What you should do: Copy nothing but the lines below, from the one with "A quartz lamp" through the one with "Image showing American", exactly as written; no pictures should appear.

START Provided data

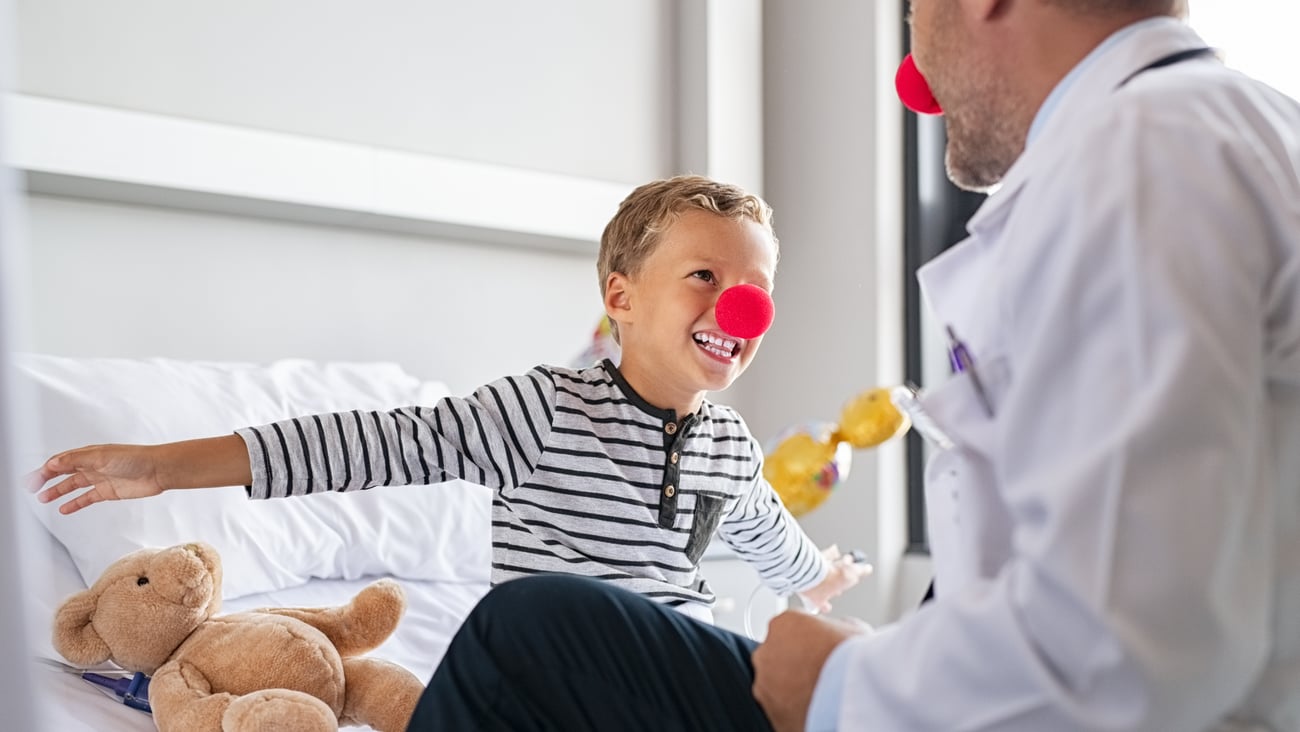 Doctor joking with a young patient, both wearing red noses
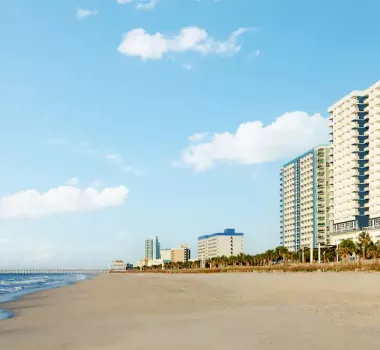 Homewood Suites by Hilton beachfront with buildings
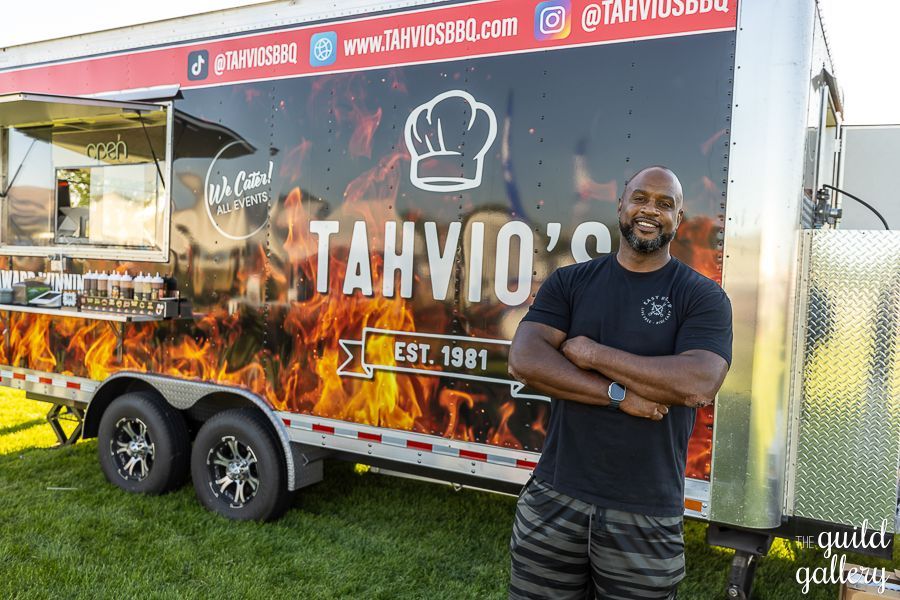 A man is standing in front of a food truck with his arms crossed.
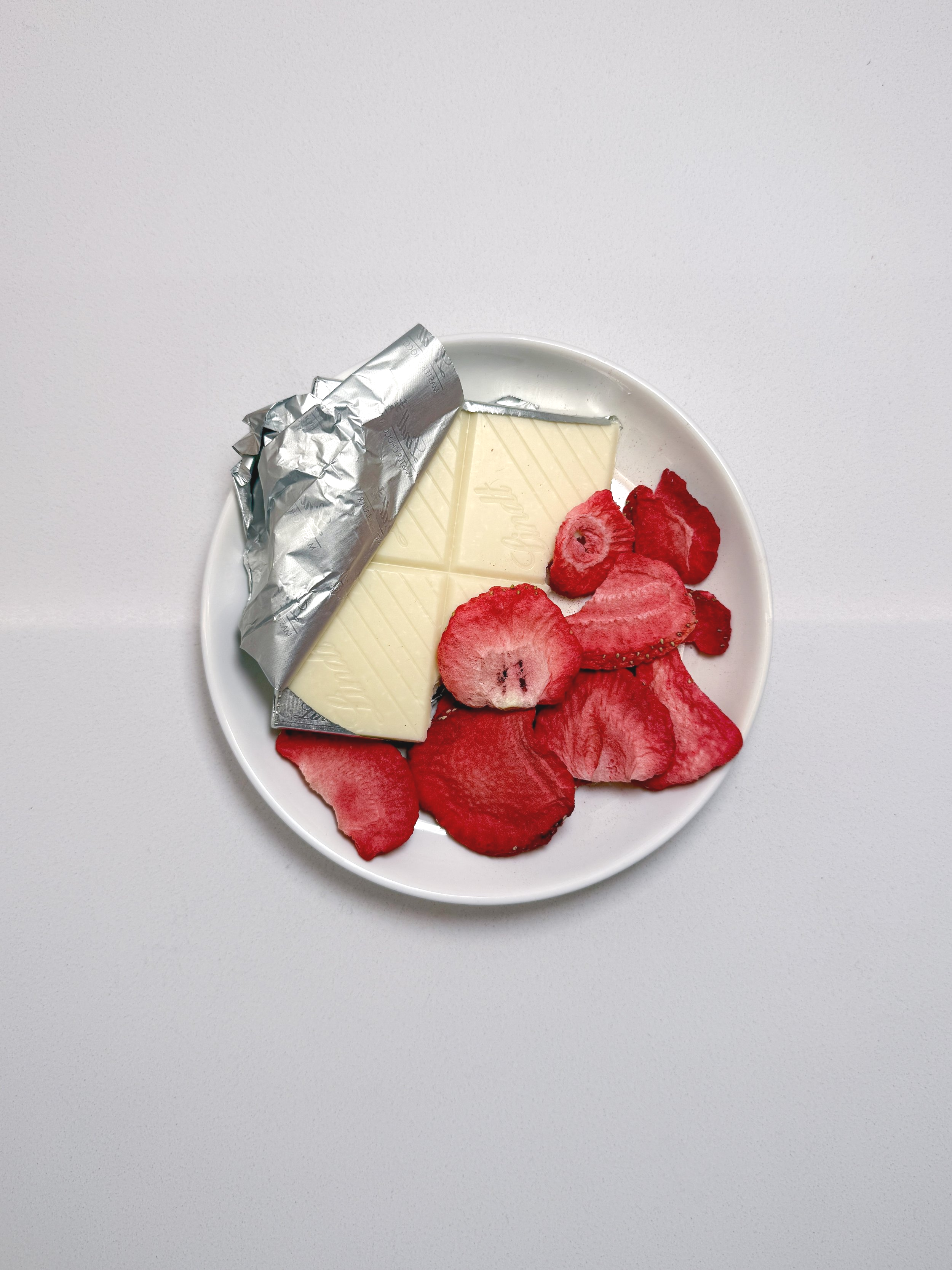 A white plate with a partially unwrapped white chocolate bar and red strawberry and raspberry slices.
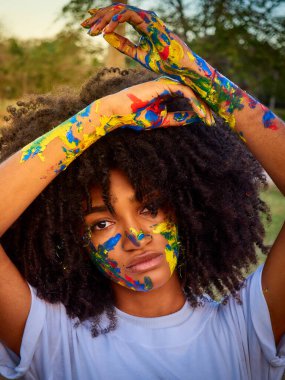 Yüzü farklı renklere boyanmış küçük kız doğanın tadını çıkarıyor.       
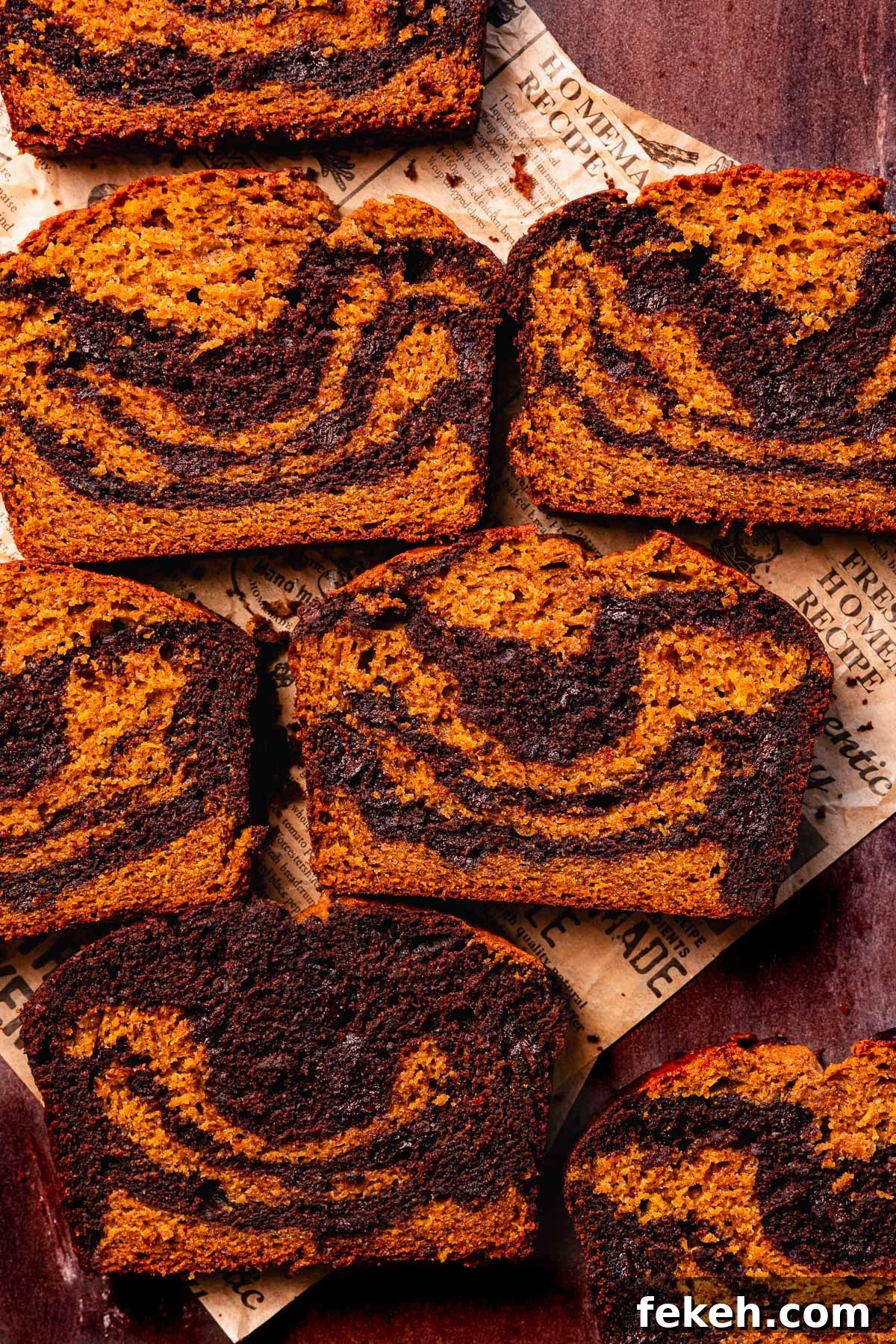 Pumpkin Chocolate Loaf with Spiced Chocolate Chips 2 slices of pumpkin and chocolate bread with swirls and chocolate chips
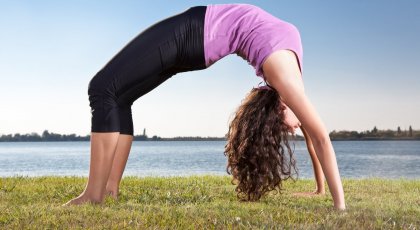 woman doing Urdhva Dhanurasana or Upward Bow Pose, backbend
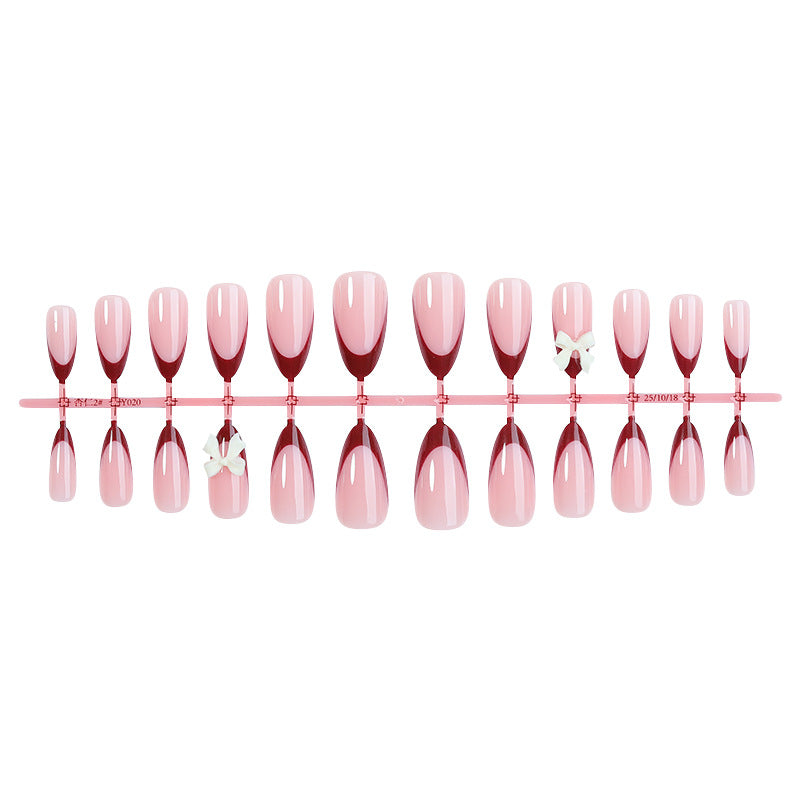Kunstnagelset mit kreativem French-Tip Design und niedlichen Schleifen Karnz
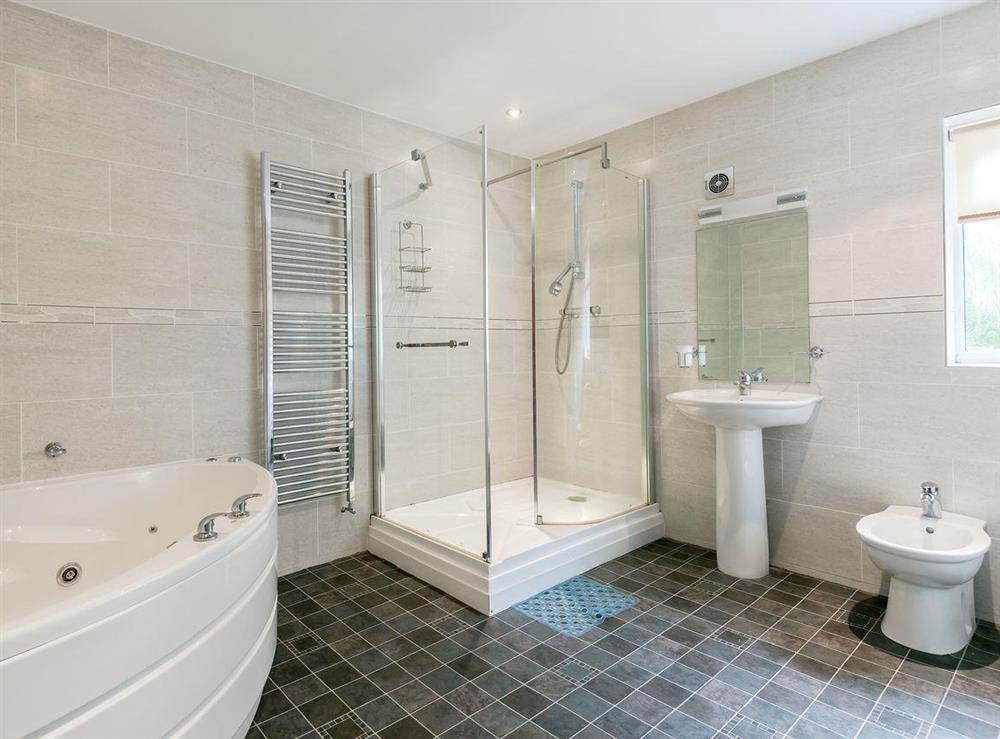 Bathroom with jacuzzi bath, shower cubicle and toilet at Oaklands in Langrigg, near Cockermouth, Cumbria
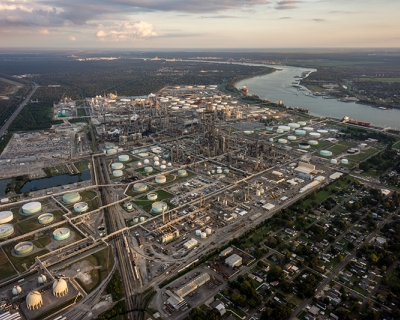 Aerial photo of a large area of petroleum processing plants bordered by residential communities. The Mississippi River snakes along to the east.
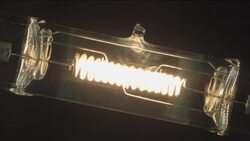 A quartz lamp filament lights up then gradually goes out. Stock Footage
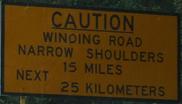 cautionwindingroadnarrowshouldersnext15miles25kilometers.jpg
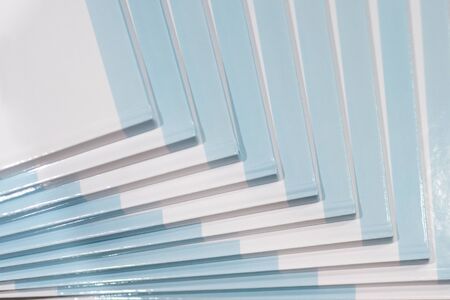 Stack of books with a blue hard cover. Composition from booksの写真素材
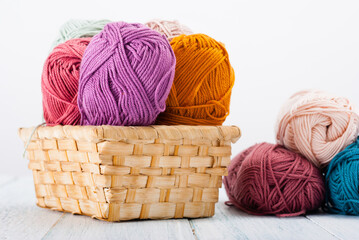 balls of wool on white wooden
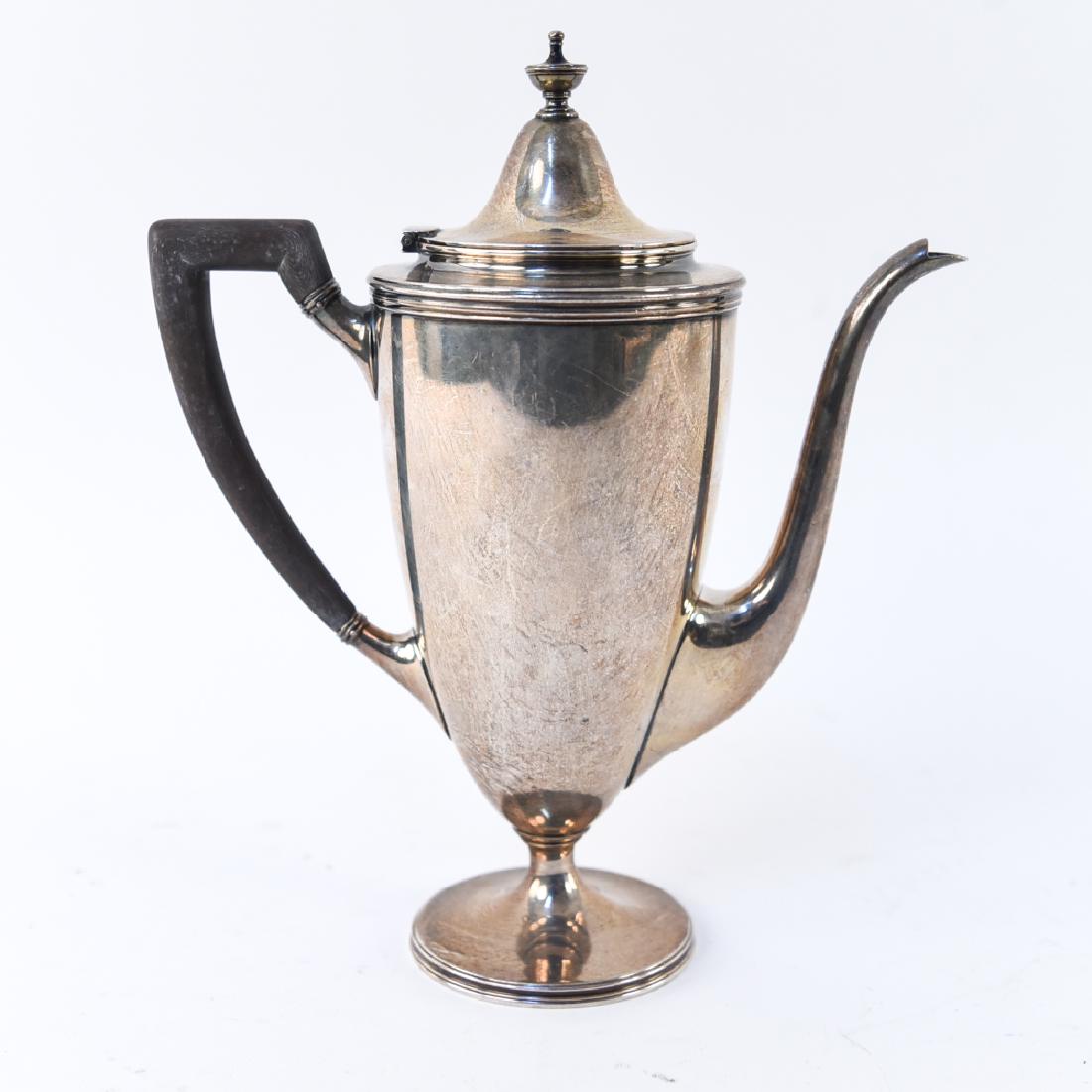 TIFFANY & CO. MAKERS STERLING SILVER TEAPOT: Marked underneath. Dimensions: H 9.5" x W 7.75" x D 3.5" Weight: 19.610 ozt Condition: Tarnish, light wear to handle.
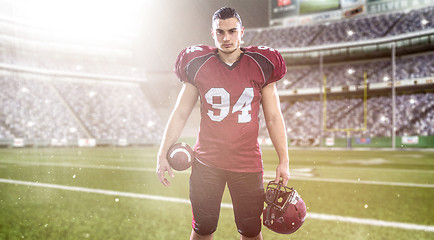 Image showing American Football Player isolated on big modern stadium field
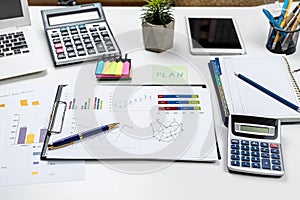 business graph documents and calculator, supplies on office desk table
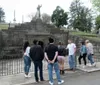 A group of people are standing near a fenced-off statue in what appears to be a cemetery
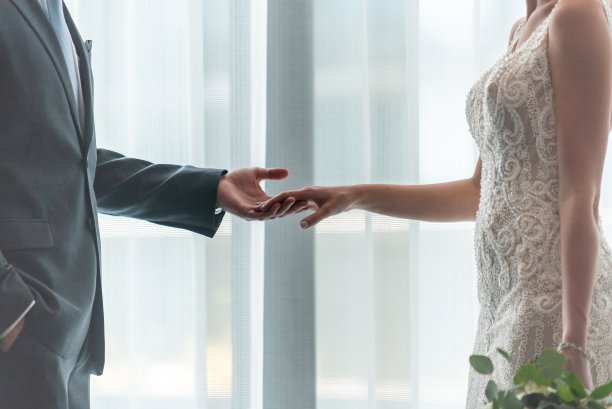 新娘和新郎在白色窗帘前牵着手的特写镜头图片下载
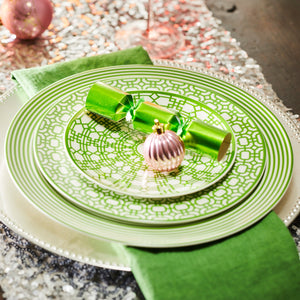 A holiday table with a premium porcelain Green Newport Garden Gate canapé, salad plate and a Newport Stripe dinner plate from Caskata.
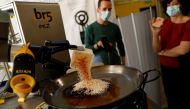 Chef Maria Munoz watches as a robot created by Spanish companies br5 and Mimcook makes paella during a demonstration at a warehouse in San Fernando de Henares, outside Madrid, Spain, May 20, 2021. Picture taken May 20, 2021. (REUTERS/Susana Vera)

END Provided data

Result for this task:
 A quartz lamp filament lights up then gradually goes out. Stock Footage
 cautionwindingroadnarrowshouldersnext15miles25kilometers.jpg
 Stack of books with a blue hard cover. Composition from booksの写真素材
 balls of wool on white wooden
 TIFFANY & CO. MAKERS STERLING SILVER TEAPOT: Marked underneath. Dimensions: H 9.5" x W 7.75" x D 3.5" Weight: 19.610 ozt Condition: Tarnish, light wear to handle.
 Image showing American Football Player isolated on big modern stadium field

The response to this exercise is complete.